Un souvenir lui revient ; l’air frais du littoral, la Bannie qu’il accompagnait cueillir de l’armoise près de la mer, le vent salé. Il se souvient s’être senti très fatigué, avoir cherché avec sa comparse un arbre pour se reposer quelques heures. Elle lui avait bien expliqué que la fatigue était une conséquence normale du mal qui l’habitait, ainsi qu’une quinzaine de Bannis du Village. La thaumaturge se plaignait sans cesse, répétant qu’il n’y avait que le manque de rigueur sanitaire pour expliquer l’infection par un ver parasitaire, que les infectés ne pouvaient s’en prendre qu’à eux-mêmes. Peu à peu, Edvin sort des limbes et reconstitue les quelques jours précédents, l’armoise devait servir de vermifuge pour se débarrasser de l’épidémie de vers qui s'installait au village.
Y voir plus clair rendait la situation d’autant plus stressante qu’il se souvenait désormais nettement avoir commencé sa sieste en milieu de journée, et que c’était donc le soir qui tombait, et avec lui la menace des Fangeux. Le traqueur regarde autour de lui, à la recherche d’un arbre suffisamment haut et inaccessible qui pourrait lui servir de cachette.
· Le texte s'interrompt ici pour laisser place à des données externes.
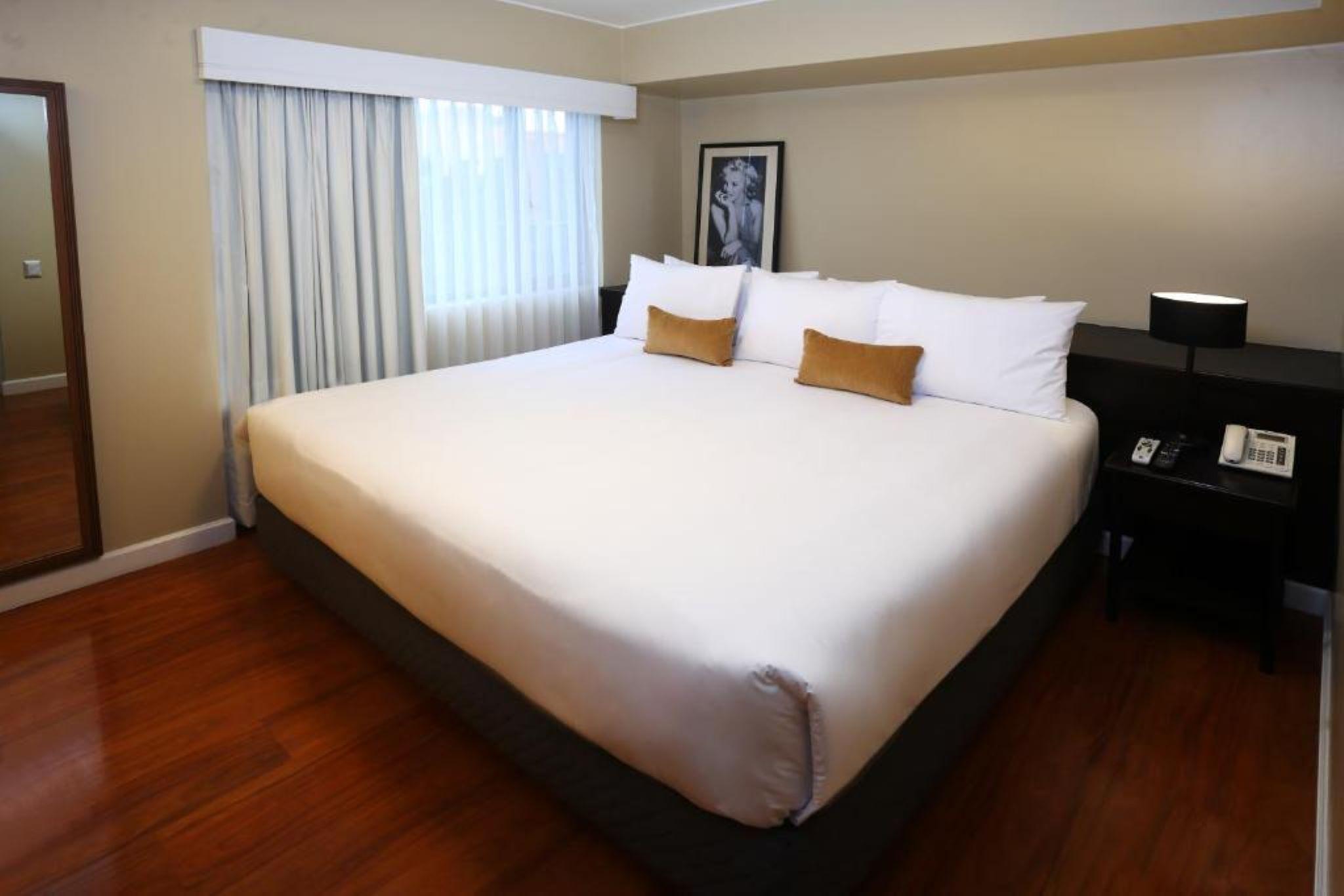 Radisson Hotel Plaza Del Bosque Lima Exteriér fotografie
Mais à bien y regarder, il y a peut-être une meilleure chance d’assurer sa survie. Il aperçoit en effet deux figures avançant, probablement sur un sentier. Le traqueur s’approche doucement. Il aurait du mal à justifier sa présence, au milieu des marais alors que la nuit tombe, mais dans son état, tenter d’escalader et de dormir en haut d’une arbre semblait plus dangereux encore.
Oubliant sa prudence, Edvin s’approche des deux passants, tentant de trouver un peu d’assurance dans sa démarche. C’était une femme et un homme, probablement pas des brigands. Quand il pense être repéré, il agite un bras en leur direction pour les rassurer sur ses intentions et continue de marcher dans leur direction.